The 69th day of war is coming to an end. Ukraine is successfully deterring the Russian military offensive on the East and South and slowly pushing them back from Kharkiv and its region.

The war itself is coming into the long-haul stage that affects everything. One of the most sensitive spheres which connect the internal situation in Ukraine with global security is the export of food and agricultural products on world markets. The destruction and damage done by Russian terrorists threaten Ukraine and many countries in the world that depend on food imports from the country.

Due to the war, Ukraine, one of the essential suppliers of agricultural products to world markets, will produce a much more modest harvest in 2022. According to the forecasts of the Ukrainian Grain Association, approximately 63 million tons of grain and oilseeds may be harvested in the country this year.

This is almost half the harvest of 2021, which amounted to 106.6 million tons. Accordingly, exports will decline. So far, it is possible to export about 35 million tons of grain and oilseeds by land as Russia has blocked all Ukrainian seaports in the Black and Azov seas. One of the reasons for the reduction in this year’s harvest is the temporary occupation of the country’s southern regions.
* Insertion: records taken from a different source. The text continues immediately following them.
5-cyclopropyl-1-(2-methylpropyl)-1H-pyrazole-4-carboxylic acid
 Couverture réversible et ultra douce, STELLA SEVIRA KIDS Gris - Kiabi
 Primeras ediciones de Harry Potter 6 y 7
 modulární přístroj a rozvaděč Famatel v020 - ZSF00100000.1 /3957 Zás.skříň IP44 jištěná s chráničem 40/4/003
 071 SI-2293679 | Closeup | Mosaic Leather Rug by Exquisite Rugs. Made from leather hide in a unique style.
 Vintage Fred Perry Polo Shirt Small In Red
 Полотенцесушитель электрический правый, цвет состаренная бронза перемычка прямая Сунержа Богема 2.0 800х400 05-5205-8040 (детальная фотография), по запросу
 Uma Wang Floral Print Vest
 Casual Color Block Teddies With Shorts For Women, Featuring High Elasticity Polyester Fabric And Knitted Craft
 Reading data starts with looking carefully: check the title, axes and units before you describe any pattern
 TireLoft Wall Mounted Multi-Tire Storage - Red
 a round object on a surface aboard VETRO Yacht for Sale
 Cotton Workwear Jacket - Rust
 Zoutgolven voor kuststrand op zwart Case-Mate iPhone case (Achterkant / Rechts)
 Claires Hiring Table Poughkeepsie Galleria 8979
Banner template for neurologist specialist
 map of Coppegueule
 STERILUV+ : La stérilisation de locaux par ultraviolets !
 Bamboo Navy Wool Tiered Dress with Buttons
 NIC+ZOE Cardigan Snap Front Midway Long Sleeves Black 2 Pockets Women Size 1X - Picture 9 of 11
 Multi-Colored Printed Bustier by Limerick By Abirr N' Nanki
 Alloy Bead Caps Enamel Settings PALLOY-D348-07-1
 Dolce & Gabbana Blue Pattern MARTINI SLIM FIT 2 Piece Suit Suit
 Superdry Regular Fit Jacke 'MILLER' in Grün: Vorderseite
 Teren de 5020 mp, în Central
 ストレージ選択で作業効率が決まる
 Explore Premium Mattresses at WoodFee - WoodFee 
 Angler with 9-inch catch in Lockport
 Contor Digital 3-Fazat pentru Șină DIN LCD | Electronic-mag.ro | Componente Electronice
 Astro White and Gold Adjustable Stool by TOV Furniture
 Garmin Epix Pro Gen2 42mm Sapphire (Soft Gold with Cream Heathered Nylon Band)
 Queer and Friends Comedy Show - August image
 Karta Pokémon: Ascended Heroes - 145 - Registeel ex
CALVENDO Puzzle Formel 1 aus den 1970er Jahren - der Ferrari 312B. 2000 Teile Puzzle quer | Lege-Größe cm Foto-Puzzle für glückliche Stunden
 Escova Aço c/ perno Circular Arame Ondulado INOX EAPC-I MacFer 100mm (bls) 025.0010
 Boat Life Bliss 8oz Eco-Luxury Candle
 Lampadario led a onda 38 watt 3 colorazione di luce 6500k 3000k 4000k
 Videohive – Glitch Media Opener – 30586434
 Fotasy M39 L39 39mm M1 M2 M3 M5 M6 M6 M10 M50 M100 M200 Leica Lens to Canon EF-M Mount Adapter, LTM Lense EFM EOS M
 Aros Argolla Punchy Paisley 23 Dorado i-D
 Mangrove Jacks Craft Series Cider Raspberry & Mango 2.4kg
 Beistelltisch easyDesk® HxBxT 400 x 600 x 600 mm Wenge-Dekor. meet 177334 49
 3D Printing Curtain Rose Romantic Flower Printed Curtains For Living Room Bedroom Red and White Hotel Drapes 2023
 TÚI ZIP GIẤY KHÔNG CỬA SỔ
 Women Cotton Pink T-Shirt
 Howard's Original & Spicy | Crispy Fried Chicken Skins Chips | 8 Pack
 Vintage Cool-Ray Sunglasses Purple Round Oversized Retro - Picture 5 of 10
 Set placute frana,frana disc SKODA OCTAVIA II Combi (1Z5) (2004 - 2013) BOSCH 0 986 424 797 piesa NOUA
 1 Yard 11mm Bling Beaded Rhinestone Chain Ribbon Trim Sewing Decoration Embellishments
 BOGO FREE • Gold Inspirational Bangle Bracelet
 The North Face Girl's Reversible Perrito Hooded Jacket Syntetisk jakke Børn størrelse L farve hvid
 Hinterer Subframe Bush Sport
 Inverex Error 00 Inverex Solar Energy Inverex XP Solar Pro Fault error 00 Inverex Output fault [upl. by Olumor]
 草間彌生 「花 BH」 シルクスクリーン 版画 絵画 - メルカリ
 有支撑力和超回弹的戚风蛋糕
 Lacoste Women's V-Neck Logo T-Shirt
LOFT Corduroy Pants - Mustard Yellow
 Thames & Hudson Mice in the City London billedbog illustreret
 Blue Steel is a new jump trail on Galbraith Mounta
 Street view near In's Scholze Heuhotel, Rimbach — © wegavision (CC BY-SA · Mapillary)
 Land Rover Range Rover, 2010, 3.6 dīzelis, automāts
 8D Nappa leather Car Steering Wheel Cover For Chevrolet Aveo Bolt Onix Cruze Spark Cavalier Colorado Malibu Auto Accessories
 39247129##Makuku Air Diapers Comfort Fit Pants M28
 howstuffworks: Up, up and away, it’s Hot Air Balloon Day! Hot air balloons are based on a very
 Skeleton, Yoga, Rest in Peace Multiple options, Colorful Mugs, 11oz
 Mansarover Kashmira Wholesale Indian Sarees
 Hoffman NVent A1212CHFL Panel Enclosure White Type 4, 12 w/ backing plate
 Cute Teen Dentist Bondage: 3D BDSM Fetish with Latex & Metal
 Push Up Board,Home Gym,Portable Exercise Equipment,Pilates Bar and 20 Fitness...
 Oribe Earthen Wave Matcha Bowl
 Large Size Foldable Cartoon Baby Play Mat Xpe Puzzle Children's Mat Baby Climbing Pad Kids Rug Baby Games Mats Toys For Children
The head of the Luhansk regional military administration, Serhiy Gaidai, said that Russian aggressors aimed to organise a famine in the Luhansk region – they destroyed a modern storage complex in Rubizhne. Gaidai also said that Russians had been spotted exporting Ukrainian grain to their own country.

Earlier, the invaders destroyed all food warehouses in Severodonetsk. It seems that Russians decided to try repeating the artificial famine that the Soviet Union created during the time of Stalin starting in 1933. The expropriation of food in the occupied territories is a violation of the Geneva Convention relative to the protection of civilians in times of war.

There are plenty of examples of stolen Ukrainian equipment or crops, particularly grain, by Russians. One of the most extreme examples of looting took place in Melitopol – at the site of Agrotek-Invest, the official dealer of the agricultural machinery manufacturer John Deere (USA) in Ukraine.

Russian troops from Chechnya under the rule of Kadyrov stole three new combines, a tractor, and three seeders with a total value of €1.5 million and 20 tons of branded lubricating oils. The company managed to figure out where the Russians took the stolen equipment.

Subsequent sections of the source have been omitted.